Marcou o protagonismo feminino também a altivez de Dinalva Teixeira que atuou como guerrilheira do Araguaia, presa, torturada e assassinada em 1974, em Tocantins, enquanto estava grávida. “Eu quero morrer de frente”, disse Dina, segundo o relatório da CNV, a seu assassino, Joaquim Lopes de Souza, de codinome Ivan. A Comissão da Verdade foi instalada em 2012 pelo Ministério da Justiça, durante o governo da ex-presidente Dilma Roussef que, em 1970, também foi presa e submetida a torturas pela Operação Bandeirantes, realizada durante a ditadura militar.
Outra frente de resistência foi composta por mulheres que tiveram familiares vitimados pela ditadura militar – mães, esposas e irmãs de pessoas torturadas, presas ou assassinadas, e que se mobilizaram contra às práticas repressivas dos militares. Essas mulheres se organizaram para ajudar a proteger procurados do regime militar, seja viabilizando esconderijos ou a fuga para o exterior.
O grupo estava diretamente ligado às causas dos Direitos Humanos e teve grande importância, principalmente a partir do Movimento Feminino pela Anistia, em 1975, com o objetivo de conscientizar e pressionar a sociedade e o governo, mostrando a necessidade de anistia. A estilista Zuzu Angel tornou-se um símbolo da luta na busca obstinada do corpo do filho, nunca encontrado, Stuart Angel, militante do Movimento Revolucionáro 8 de Outubro (MR-8), sequestrado por agentes da repressão em 1971.

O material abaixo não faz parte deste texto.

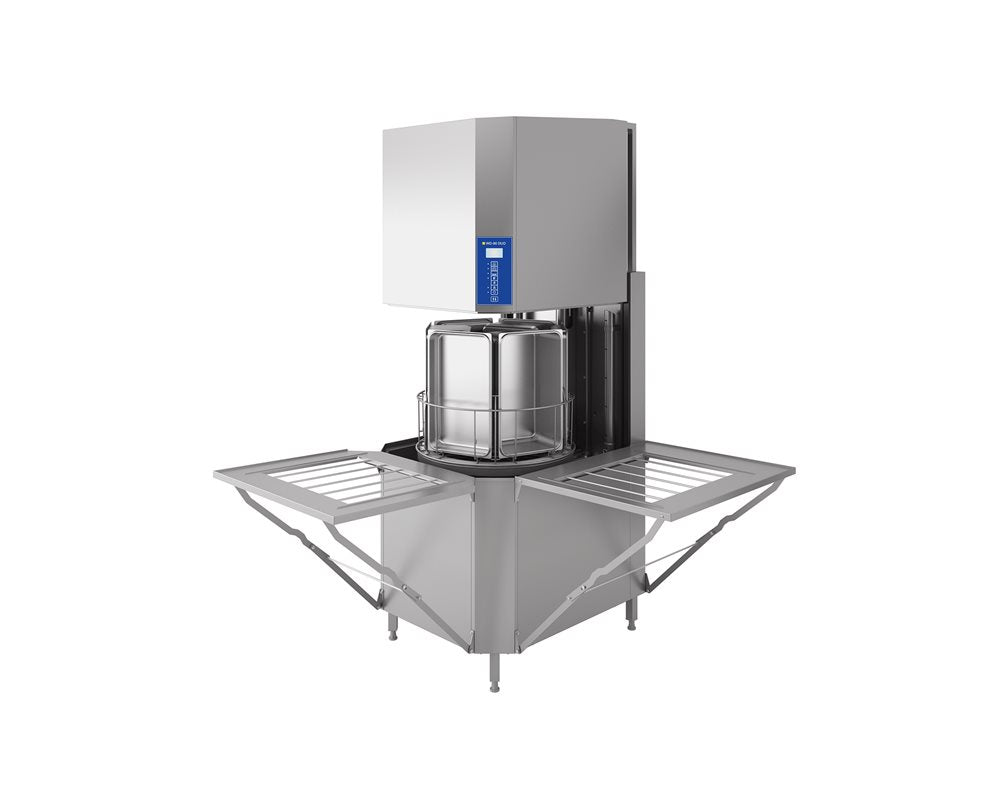 WD 90 DUO. Fällbartbord vänster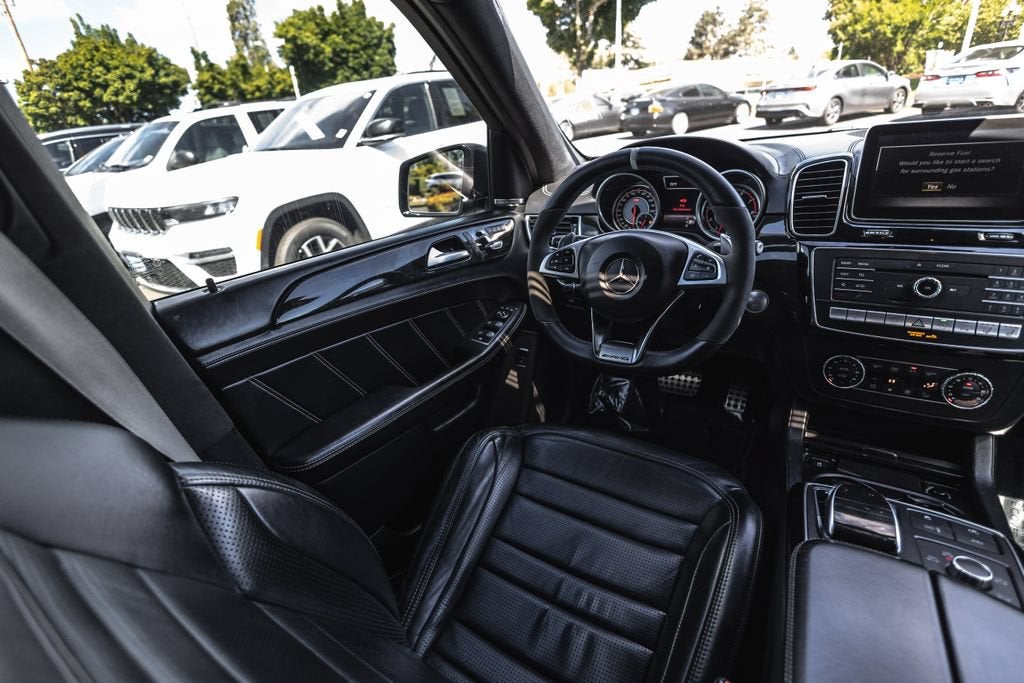 2016 Mercedes-Benz GLE AMG® GLE 63 S-Model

A participação feminina ao longo dos 21 anos de ditadura militar no Brasil resultou em direitos sociais e políticos assegurados por lei às mulheres, principalmente a partir da Constituição de 1988. Suas histórias, muitas delas anônimas, estão presentes na trajetória das brasileiras que, no dia a dia, defendem a liberdade e afirmam seus direitos. O enfrentamento das mulheres às formas de arbitrariedade política e opressão social, durante a ditadura, mostra uma batalha incansável pela democracia, que deve ser lembrada, contra toda expressão do autoritarismo e exclusão social.